Вообще, в сборнике много неудач. Обидно, что как редактор Вы пропустили удивительные несуразности в первой (анонимной) статье [(Аноним) Письмо о русской поэзии. Поэтика Бродского. Сборник статей под редакцией Л. В. Лосева. Эрмитаж, 1986, стр. 16-37]. Возьмем, например, математику: дважды два в степени пять равно 64, а не 1/16 (в источнике перепутаны знаки, что Вам уж можно было бы заметить и исправить); хуже, что автор получает вероятность 1/16 там, где она фактически равна 1/486, причем ошибается и как математик (должен был, исходя из его посылок, получить 1/32, а не 1/16), и как филолог (не замечает, что предложный падеж тоже может дать здесь рифму к дательному и творительному); еще хуже, что вероятность в 1/16 он считает малой, хотя здесь и вероятность 1/486 не достаточно мала: речь ведь идет о стихотворном (самом организованном) тексте, да еще большого поэта! — какие уж тут случайности? Вся эта арифметика нацелена в пустоту, на доказательство очевидного. Но самое отвратительное — упоминание теоремы Гёделя для подтверждения расхожей банальности. Эта теорема — одно из величайших достижений мысли за всю историю человечества, она определила лицо современности (кризис рационализма) в большей мере, чем теория относительности. С такими результатами нельзя фамильярничать. Уж если тот факт, что статья получена из СССР, помешал Вам отклонить это жалкое наукообразие, то следовало хотя бы дать к ней необходимые примечания.
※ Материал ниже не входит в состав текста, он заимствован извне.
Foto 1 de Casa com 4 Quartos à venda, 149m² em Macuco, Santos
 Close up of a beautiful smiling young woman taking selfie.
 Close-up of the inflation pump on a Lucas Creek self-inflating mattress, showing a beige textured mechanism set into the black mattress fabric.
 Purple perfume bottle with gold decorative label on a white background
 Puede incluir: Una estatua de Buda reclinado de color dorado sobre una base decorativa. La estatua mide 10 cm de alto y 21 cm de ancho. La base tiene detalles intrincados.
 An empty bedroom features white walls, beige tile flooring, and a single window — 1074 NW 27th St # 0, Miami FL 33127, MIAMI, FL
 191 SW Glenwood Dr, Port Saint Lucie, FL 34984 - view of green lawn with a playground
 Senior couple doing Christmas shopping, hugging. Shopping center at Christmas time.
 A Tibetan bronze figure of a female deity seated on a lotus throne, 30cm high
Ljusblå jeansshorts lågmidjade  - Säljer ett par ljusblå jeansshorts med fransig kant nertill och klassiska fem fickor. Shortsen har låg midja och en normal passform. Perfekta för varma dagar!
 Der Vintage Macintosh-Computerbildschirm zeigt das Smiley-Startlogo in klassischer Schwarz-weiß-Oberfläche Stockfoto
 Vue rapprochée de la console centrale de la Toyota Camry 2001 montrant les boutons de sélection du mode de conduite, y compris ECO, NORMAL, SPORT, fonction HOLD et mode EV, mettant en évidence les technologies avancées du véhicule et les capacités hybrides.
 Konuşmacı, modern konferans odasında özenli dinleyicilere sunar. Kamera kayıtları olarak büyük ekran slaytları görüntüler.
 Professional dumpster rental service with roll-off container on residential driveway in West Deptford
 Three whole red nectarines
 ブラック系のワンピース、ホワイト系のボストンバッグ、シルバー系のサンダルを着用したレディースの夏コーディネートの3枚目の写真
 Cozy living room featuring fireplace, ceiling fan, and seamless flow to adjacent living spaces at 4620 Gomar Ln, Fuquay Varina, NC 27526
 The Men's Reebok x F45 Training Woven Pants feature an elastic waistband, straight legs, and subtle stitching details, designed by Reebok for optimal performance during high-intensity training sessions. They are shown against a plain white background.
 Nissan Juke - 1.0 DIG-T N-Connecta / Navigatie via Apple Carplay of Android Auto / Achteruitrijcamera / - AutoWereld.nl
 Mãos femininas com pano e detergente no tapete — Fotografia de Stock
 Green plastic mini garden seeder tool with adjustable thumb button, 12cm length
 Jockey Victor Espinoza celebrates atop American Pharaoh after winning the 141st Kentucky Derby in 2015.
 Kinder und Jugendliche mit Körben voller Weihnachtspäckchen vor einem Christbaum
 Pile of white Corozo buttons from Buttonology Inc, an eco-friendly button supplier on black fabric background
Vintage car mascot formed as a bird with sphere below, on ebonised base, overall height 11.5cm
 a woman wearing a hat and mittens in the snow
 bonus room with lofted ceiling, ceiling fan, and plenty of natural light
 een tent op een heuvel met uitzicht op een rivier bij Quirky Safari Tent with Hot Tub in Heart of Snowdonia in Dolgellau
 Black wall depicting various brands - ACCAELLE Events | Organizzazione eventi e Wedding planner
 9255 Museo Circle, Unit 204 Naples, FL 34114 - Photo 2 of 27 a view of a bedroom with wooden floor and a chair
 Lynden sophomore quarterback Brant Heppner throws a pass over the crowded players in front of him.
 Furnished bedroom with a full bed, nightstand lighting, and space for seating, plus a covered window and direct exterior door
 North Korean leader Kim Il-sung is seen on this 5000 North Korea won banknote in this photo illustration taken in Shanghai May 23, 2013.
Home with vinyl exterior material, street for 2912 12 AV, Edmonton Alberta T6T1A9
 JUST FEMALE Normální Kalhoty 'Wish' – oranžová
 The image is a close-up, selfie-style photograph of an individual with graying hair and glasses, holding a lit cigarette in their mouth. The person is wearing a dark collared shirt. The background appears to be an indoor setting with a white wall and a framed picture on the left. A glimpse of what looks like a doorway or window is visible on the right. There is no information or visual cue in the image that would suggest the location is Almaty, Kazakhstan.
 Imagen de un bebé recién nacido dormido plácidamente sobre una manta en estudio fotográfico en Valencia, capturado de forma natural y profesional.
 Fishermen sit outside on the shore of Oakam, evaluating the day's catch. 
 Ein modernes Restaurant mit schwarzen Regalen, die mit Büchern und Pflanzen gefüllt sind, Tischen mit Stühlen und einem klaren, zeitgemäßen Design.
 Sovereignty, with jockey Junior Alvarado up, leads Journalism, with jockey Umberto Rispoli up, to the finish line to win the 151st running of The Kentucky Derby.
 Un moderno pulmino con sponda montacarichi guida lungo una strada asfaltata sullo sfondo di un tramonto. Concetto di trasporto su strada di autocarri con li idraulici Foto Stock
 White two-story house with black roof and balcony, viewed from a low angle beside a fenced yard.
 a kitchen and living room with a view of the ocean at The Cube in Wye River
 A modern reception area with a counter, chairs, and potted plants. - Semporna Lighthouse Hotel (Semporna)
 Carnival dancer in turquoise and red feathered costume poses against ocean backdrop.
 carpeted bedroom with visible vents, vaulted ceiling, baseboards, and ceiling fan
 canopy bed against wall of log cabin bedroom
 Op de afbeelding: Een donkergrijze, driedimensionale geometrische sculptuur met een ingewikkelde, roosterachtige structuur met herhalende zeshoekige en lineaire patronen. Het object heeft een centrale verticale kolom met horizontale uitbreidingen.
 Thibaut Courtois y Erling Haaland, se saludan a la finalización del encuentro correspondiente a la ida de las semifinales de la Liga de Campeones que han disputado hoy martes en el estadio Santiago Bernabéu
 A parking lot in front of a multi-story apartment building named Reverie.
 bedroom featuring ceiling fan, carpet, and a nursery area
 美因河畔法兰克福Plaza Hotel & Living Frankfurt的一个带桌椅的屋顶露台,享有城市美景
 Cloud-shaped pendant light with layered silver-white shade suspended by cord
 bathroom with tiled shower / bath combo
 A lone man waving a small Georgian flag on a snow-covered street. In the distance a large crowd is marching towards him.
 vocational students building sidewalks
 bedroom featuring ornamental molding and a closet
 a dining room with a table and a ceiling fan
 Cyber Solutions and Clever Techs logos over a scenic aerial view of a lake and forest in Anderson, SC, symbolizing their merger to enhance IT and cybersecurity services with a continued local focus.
И последнее. Летом минувшего года, еще до того, как приняться за Бродского, я закончил вчерне мою давнюю, 1985 года, статью о Вашей первой книге стихов [сохранился только незаконченный вариант]. Вероятно, у Вас уже вышла следующая, но это ничего не меняет. Теперь я надеюсь выкроить время для переписки текста и его отправки в редакцию. Из самого этого намерения Вы увидите, что мое отношение к Вам не стало хуже после нашего обмена мнениями о Бродском. Но, зная меня немножко по письмам, Вы понимаете, конечно, что даже и в том случае, если бы наши товарищеские отношения сменились враждебностью, это ни на йоту не затронуло бы моего отношения к Вашим стихам. Мои негативные замечания по поводу последних, отнесенные, как это принято, во вторую часть рецензии, не должны задеть Вас: они находятся в той же системе отсчета, что и моя критика на Бродского.

Примите мои наилучшие пожелания в наступающем [уже наступившем 1988] году.

Ю. К.

[Ответа не последовало]


1985-1988,
Hanover, New Hampshire // Иерусалим
; помещено в сеть 13 января 2005

журнал НОВЫЙ БЕРЕГ (Дания) № 30, 2010.

журнал ВРЕМЯ И МЕСТО (Нью-Йорк), № 1(17), 2011.